Microservices are said to come with a microservice premium, which is the increased cost of developing a system as a set of microservices compared to a monolith.
While monolithic architecture is recommended as the starting point for new projects, monolithic architectures can be broken down into microservices as the application grows and the system’s complexity increases. Microservices can be a good choice for large-scale applications with multiple teams working on different parts of the system and when parts of the system have varying scalability needs.
Event-Driven Architecture
When designing microservice architectures, one of the questions is how to communicate between services. Services can, in principle, communicate directly with each other. This can, however, lead to tight coupling, making the system harder to maintain and scale.
Event-driven architecture is a design pattern focusing on producing and consuming events, providing a means for communicating between services without requiring services to be aware of each other. In other words, in an event-driven architecture, components responsible for creating events and components responsible for handling events are decoupled, and a mechanism is used for passing messages between the decoupled parts.
One way to implement an event-driven architecture in a web application is the use of the publish-subscribe pattern. Publish-subscribe is a messaging pattern that has three types of actors: message producers, message brokers, and message consumers. Producers create messages, which they send to brokers. Brokers receive messages and send them to consumers, decoupling producers and consumers so that they are not aware of each other.
The three types of actors are shown in Figure 4 below, which illustates a system that has two event consumers, one of which writes to a database and the other logs activity.
Event-driven architecture is present in a wide variety of applications. For example, in user interfaces, events such as pressing a button are typically decoupled from the functionality that processes the button press. This can be implemented using event or action listeners, which are used to register functionality that should be executed in response to events.
Event-driven architectures and the publish-subscribe pattern provide the possibility of scaling producers, brokers, and consumers separately. For example, if producing a message is resource-intensive, one could create a large number of producers, each sending out messages when ready. Similarly, if a broker is under heavy load, additional brokers can be created, each responsible for specific types of events. Finally, if there are plenty of messages to be consumed, the number of consumers per consumer type can be scaled to match the demand.

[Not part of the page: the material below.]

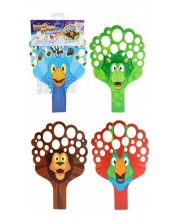 Комплект Toi Toys - Сапунени балони, животни, асортимент -1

At the core of the publish-subscribe pattern is asynchronous processing of information. Messages are created by producers, which send the messages to brokers. Brokers receive the messages and pass them forward to the consumers. This asynchronous processing is often enabled by message queues.

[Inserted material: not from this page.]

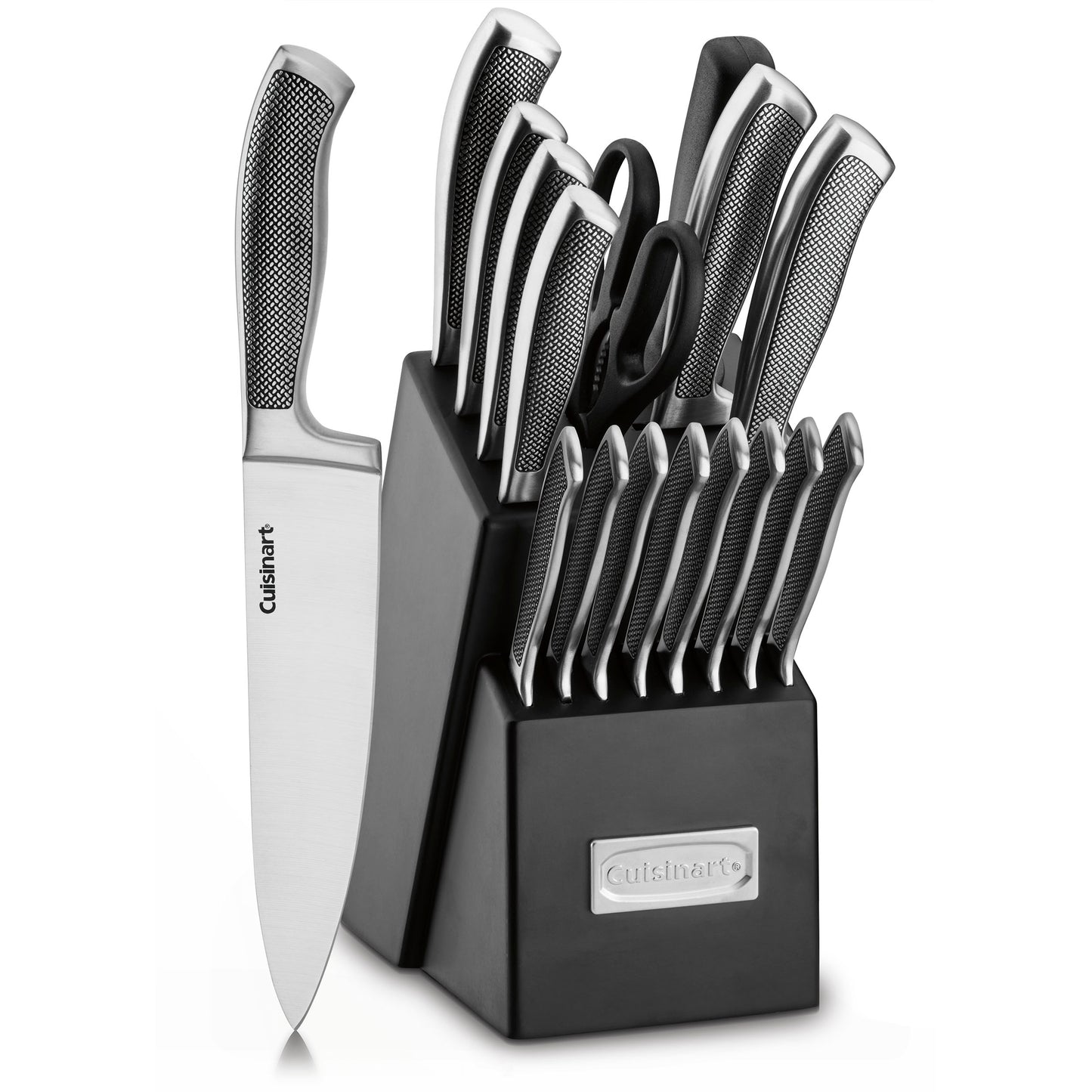 Set x 13 Cuchillos CUISINART + TACO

Message queues are services used for temporarily storing messages. They provide mechanisms to add messages to the queue and to retrieve messages from the queue.
Message queues can be used by brokers in the publish-subscribe pattern. In such cases, incoming messages from producers are temporarily stored in a message queue, which the broker processes by sending messages from the queue to the consumers.
Message queues enhance fault tolerance and scalability. Since messages are stored in the queue until they are retrieved, the failure of consumers does not lead to lost messages. In the event of a consumer failure, messages remain in the queue until the consumer can process them again. Similarly, during high load periods where producers generate more messages than consumers can handle, messages can accumulate in the queue and be processed when consumers have sufficient resources.
However, debugging and tracing errors in an event-driven architecture can be challenging due to the system’s asynchronous nature. As messages are passed between components, it can be difficult to follow the message flow. Ensuring data consistency is also more complex, as messages are handled asynchronously.